RaptorMai / CompBench

CompBench evaluates the comparative reasoning of multimodal large language models (MLLMs) with 40K image pairs and questions across 8 dimensions of relative comparison: visual attribute, existence, state, emotion, temporality, spatiality, quantity, and quality. CompBench covers diverse visual domains, including animals, fashion, sports, and scenes.

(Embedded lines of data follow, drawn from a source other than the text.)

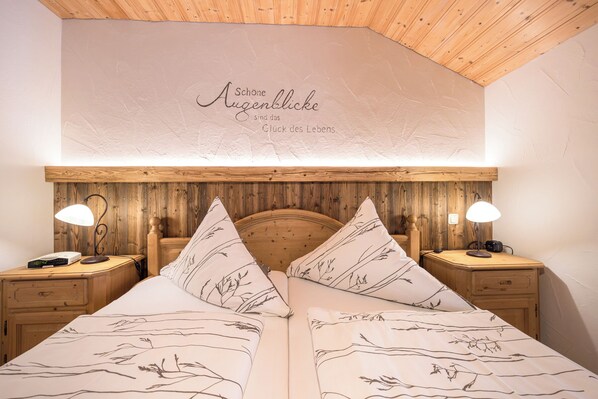 Ferienwohnung "Regina" 60 qm - 2 Schlafzimmer-Schlafzimmer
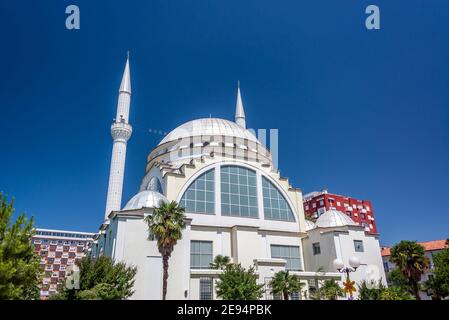 Vue sur la mosquée Beker de l'UER à Shkoder, en Albanie, avec un beau ciel bleu Banque D'Images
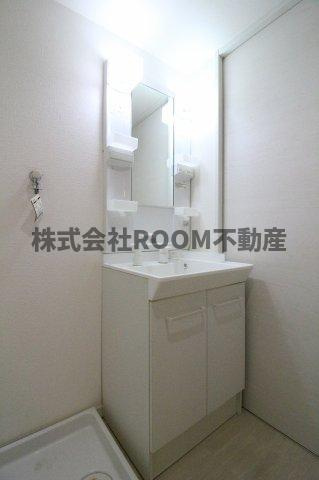 DOLCEVITA西町の独立洗面台|朝の支度にも助かる、独立の洗髪洗面化粧台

Home Page:https://compbench.github.io/

Geek Repo:Geek Repo

Github PK Tool:Github PK Tool

CompBench: A Comparative Reasoning Benchmark for Multimodal LLMs

Official dataset and codes for CompBench.

Benchmark Summary

CompBench is a benchmark designed to evaluate the comparative reasoning capability of multimodal large language models (MLLMs). CompBench mines and pairs images through visually oriented questions covering eight dimensions of relative comparison: visual attribute, existence, state, emotion, temporality, spatiality, quantity, and quality. CompBench comprises around 40K image pairs collected from a broad array of visual domains, including animals, fashion, sports, and both outdoor and indoor scenes. The questions are carefully crafted to discern relative characteristics between two images and are labeled by human annotators for accuracy and relevance.

Check our project page and paper for key contributions and findings.

Release Process

  • Dataset
    • Preparing images
    • Preparing question-answer pairs
  • Model evaluation

Preparing images

Images in CompBench are collected from fourteen publicly available datasets.

MIT-States

Download images from [here].

Store the images into dataset/transformed_states.

dataset
├── transformed_states
│ ├── release_dataset
│ │ ├── images
│ │ │ ├── deflated ball

Reference: [link]

Fashionpedia

Download images from [here].

Download annotations from [here].

Store the images and the annotations into dataset/fashionpedia.

Run preprocessing/fashionpedia/extract_adj_obj.py to group images by the object (e.g., dress) with adjective (argyle).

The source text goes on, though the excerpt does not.